Было еще темно, хотя луна сияла позади пирамид, превращая их в огромные черные треугольники. Цезарь снова зашевелился, и на сей раз его била крупная дрожь. Я испугалась, уж не новый ли это приступ, и навалилась на него всем телом, чтобы он не повредил себе.
– Мне холодно, – пробормотал дрожащими губами Цезарь. – Где я?
Он поднял взгляд на пронзенное звездами ночное небо и повернулся, морщась и нащупывая врезавшиеся в спину камушки.
Оказывается, случившееся выпало из его памяти. Это было удивительно. Тем не менее он снова походил на себя.
– Тебе стало… дурно, – ответила я. – Пришлось прилечь, отдохнуть. Ты можешь идти? В шатре можно расположиться на чем-нибудь помягче, чем голая земля.
Он медленно сел, потом поднялся на дрожащие, негнущиеся ноги и шаткой походкой двинулся к шатру.
Внутри он заполз на постель и снова провалился в сон. Я прислушивалась к его тихому дыханию, и каждый вдох казался мне чудом.
Резкие тени снаружи становились все длиннее. Потом небо стало светлеть, и они исчезли. Я видела это, потому что до утра не сомкнула глаз.
Солнце взошло, и теперь в любой момент могли появиться слуги. Я была в затруднении: с одной стороны, не решалась будить его, пока он окончательно не оправился, с другой – не хотела, чтобы люди увидели его в таком состоянии и догадались о тайном недуге. Мне оставалось лишь молиться о том, чтобы слуги и стража не спешили к нам, пока он не пробудился.
Должно быть, мои мольбы возымели действие, потому что Цезарь проснулся. Он слегка поморщился от яркого утреннего света, прикрыл глаза и застонал – как человек, перебравший накануне хмельного, но не более того.
– Я ужасно себя чувствую, – честно признался Цезарь. – Прости, что тебе пришлось это увидеть.
– А кому, как не мне? – сказала я. – Но это случилось неожиданно, и я перепугалась, не зная, что делать.

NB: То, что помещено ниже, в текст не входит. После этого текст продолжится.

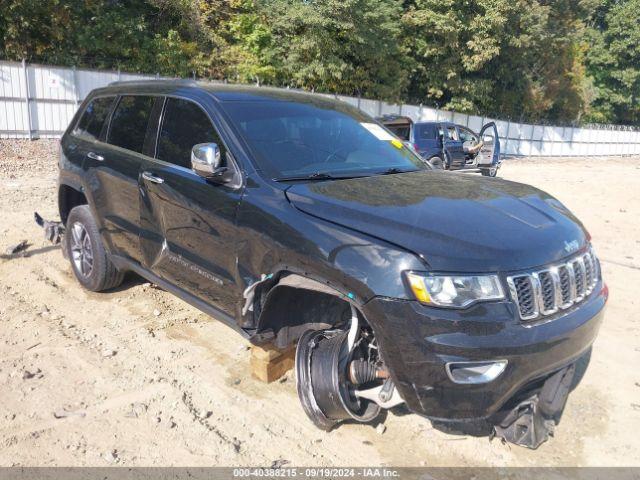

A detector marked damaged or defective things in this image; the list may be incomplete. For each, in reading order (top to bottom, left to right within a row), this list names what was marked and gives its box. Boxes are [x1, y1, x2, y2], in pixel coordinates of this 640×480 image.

damaged suv [56, 79, 604, 450]
damaged front end [492, 366, 576, 448]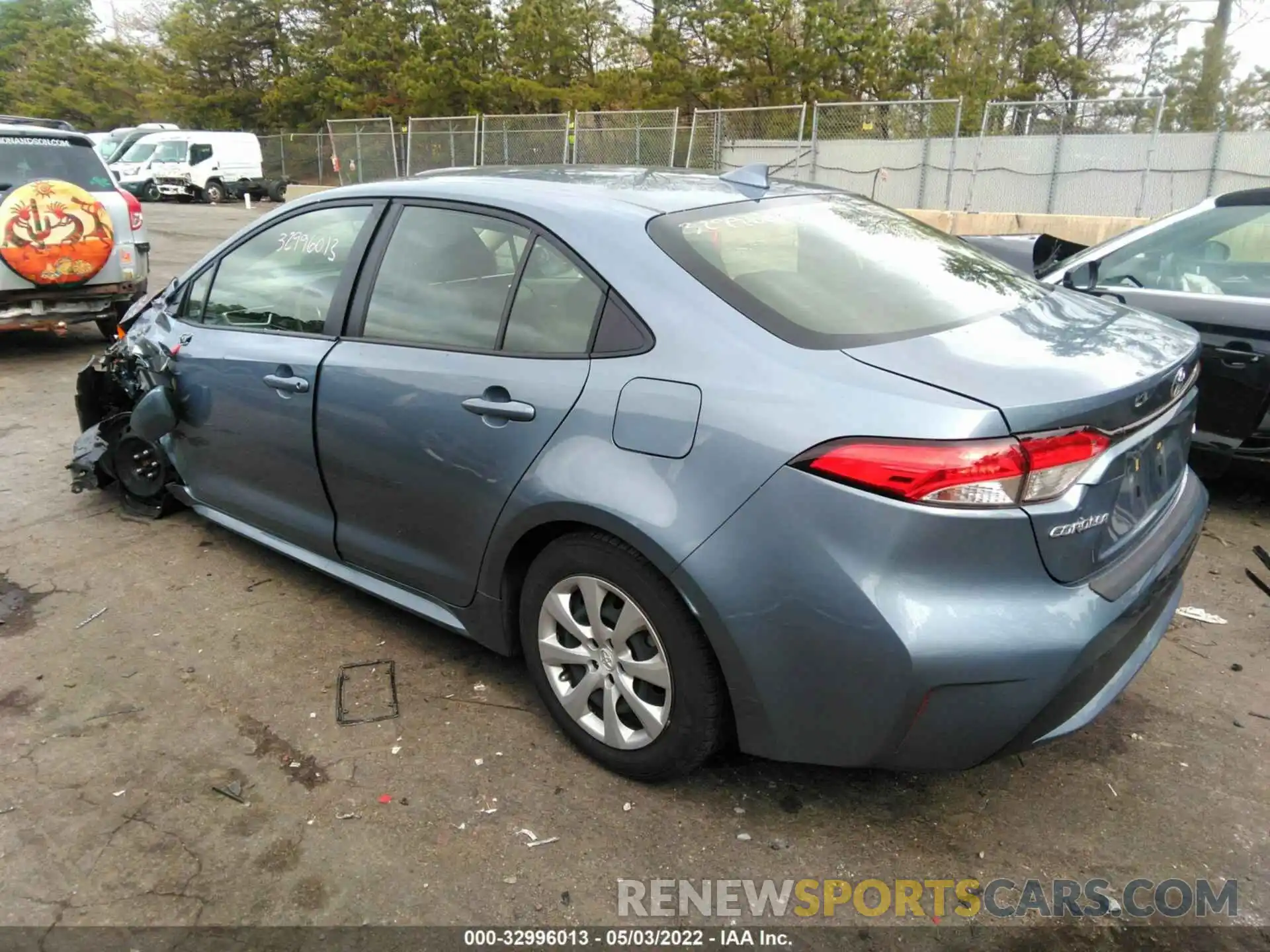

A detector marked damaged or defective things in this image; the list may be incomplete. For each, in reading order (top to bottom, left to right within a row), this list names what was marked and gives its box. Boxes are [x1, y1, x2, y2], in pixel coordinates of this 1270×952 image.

damaged front end of car [70, 298, 185, 523]
broken plastic debris [1173, 612, 1224, 627]
broken plastic debris [209, 781, 243, 807]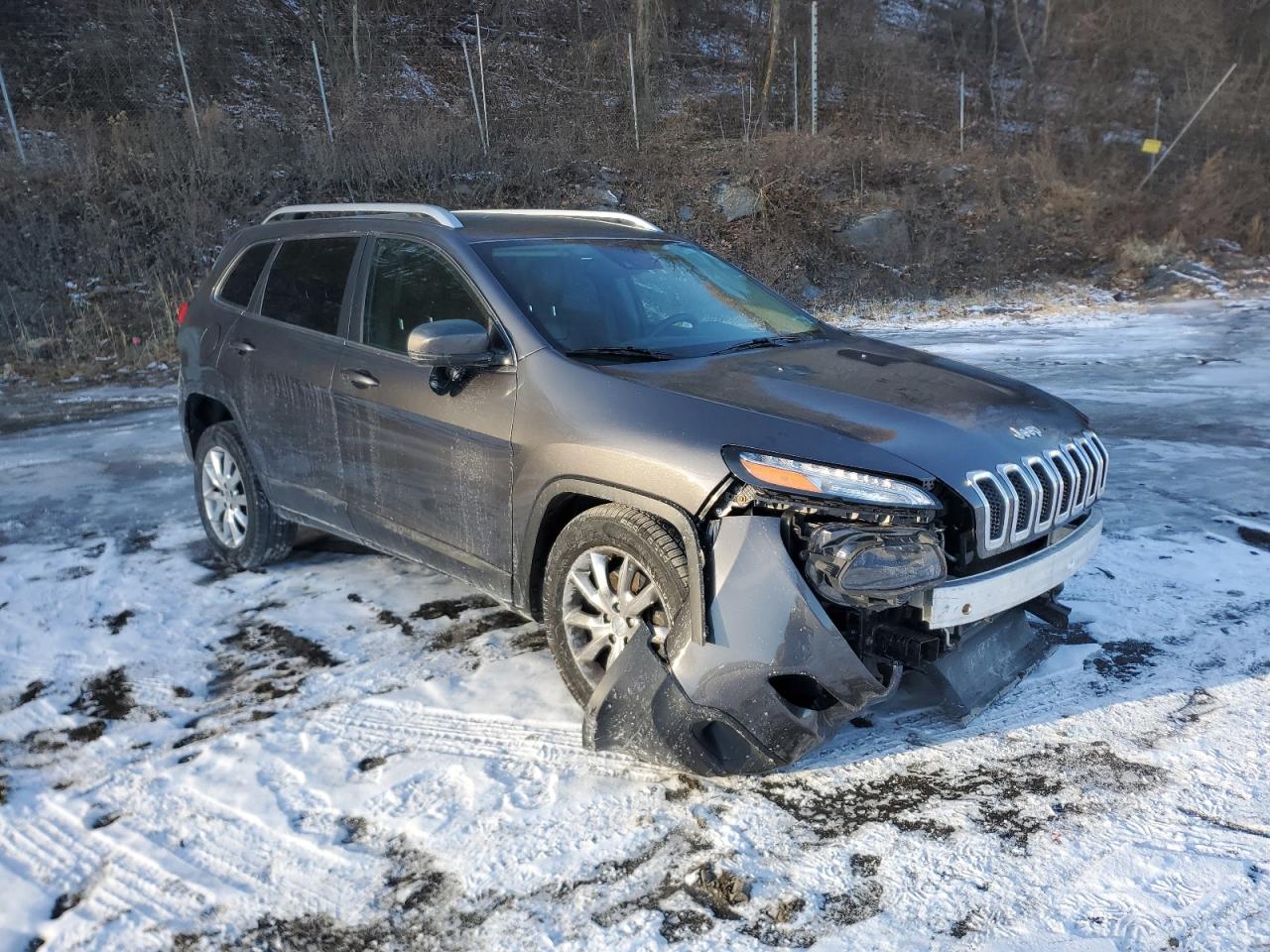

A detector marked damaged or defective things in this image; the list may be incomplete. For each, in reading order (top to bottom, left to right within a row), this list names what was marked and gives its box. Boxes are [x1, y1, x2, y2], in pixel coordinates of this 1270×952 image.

damaged jeep cherokee [174, 200, 1103, 774]
detached headlight [730, 450, 937, 508]
dented hood [599, 329, 1087, 488]
crumpled front bumper [579, 512, 1095, 774]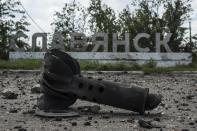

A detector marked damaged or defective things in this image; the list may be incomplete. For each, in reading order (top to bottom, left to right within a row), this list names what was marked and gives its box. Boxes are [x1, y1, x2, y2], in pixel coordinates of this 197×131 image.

damaged road surface [0, 71, 197, 130]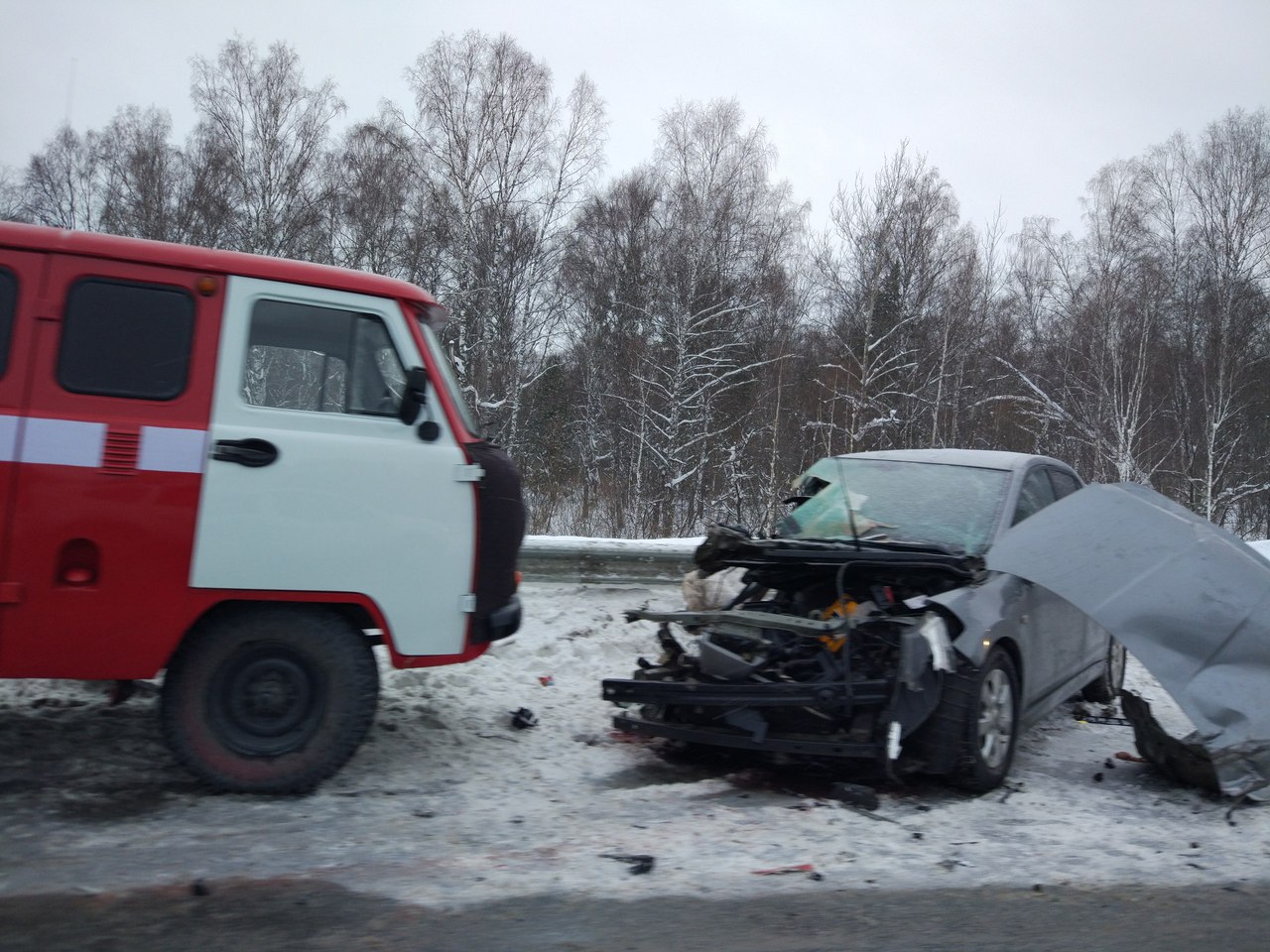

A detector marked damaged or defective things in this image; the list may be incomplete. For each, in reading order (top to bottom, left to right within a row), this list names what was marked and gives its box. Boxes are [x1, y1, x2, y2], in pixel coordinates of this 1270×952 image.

damaged silver car [601, 451, 1122, 791]
crushed car hood [990, 479, 1270, 801]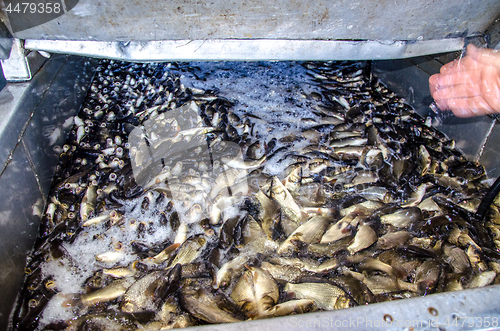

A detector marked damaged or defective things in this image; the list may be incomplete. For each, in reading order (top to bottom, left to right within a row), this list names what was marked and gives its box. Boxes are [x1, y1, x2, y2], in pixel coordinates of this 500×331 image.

rusty metal surface [0, 0, 498, 42]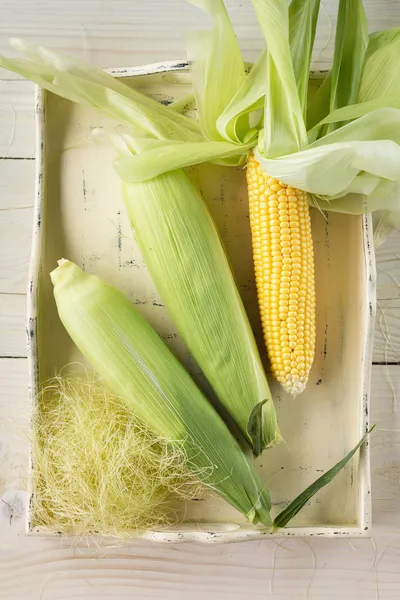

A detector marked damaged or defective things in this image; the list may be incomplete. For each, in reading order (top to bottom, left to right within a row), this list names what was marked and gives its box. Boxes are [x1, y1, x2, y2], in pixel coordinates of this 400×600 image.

chipped paint edge [25, 62, 376, 544]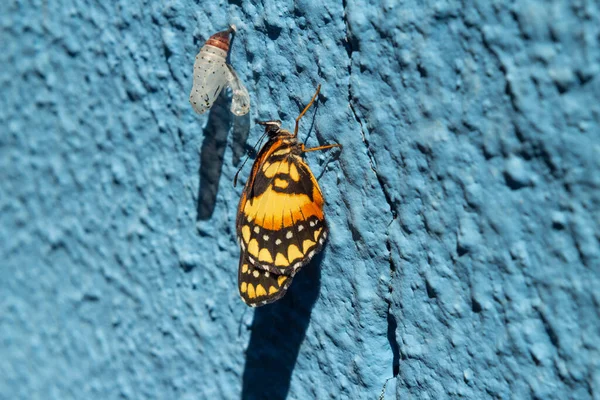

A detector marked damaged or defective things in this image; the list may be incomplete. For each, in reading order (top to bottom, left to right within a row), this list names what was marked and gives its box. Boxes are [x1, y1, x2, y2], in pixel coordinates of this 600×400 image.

crack in wall [342, 0, 398, 382]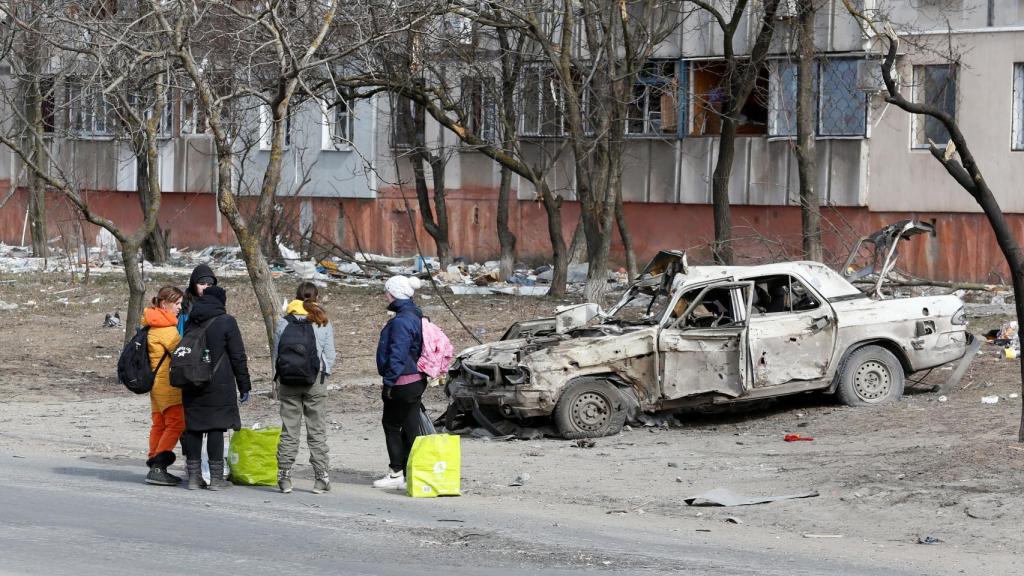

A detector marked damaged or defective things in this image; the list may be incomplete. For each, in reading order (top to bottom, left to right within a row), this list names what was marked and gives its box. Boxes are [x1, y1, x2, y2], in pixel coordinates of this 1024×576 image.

broken window [462, 75, 497, 141]
damaged apartment building [2, 0, 1024, 282]
broken window [524, 65, 565, 136]
broken window [622, 60, 679, 135]
broken window [692, 60, 765, 135]
broken window [770, 57, 864, 137]
broken side window [913, 63, 958, 146]
broken window [917, 63, 954, 147]
burned car body [444, 222, 970, 436]
wrecked white car [448, 218, 974, 434]
broken window [753, 274, 823, 313]
rusty wheel rim [569, 389, 606, 430]
rusty wheel rim [851, 356, 892, 401]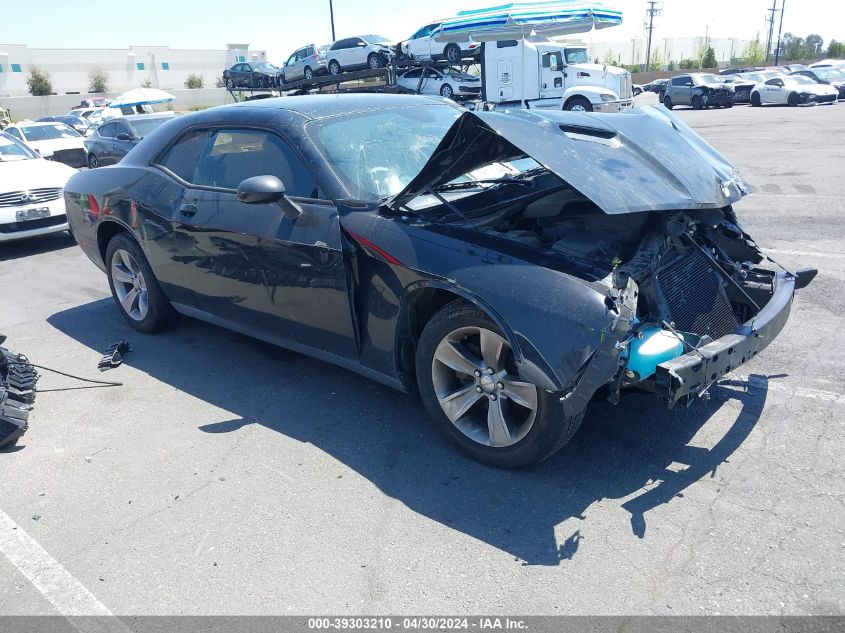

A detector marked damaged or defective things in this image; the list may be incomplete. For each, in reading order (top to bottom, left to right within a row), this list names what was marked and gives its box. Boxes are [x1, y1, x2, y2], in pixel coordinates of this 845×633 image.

– Тут ничего и не сделаешь, – промолвил он, и в его голосе вместе с раздражением прозвучало некое смирение, покорность судьбе. – Когда-нибудь я расшибу голову о камень или металлическую статую, и все кончится. Хорошо еще, что песок пустыни мягче мрамора или бронзы. На сей раз мне повезло.
– А во время сражения такое случалось? – спросила я, подумав, что этот недуг особенно страшен для солдата.
– Нет. Пока нет. – Он покачал головой. – Нужно скрыть все следы, прежде чем кто-нибудь придет. Есть здесь вода?
Я принесла кувшин и налила ему воды в чашу.
– Давай помогу.
Смыть грязь с лица было нетрудно, но под ней обнаружились царапины.
– Пусть думают, будто мы ночью поругались, – беззаботно сказала я.
– Приветствуем вас, о могущественные правители! – донесся голос снаружи.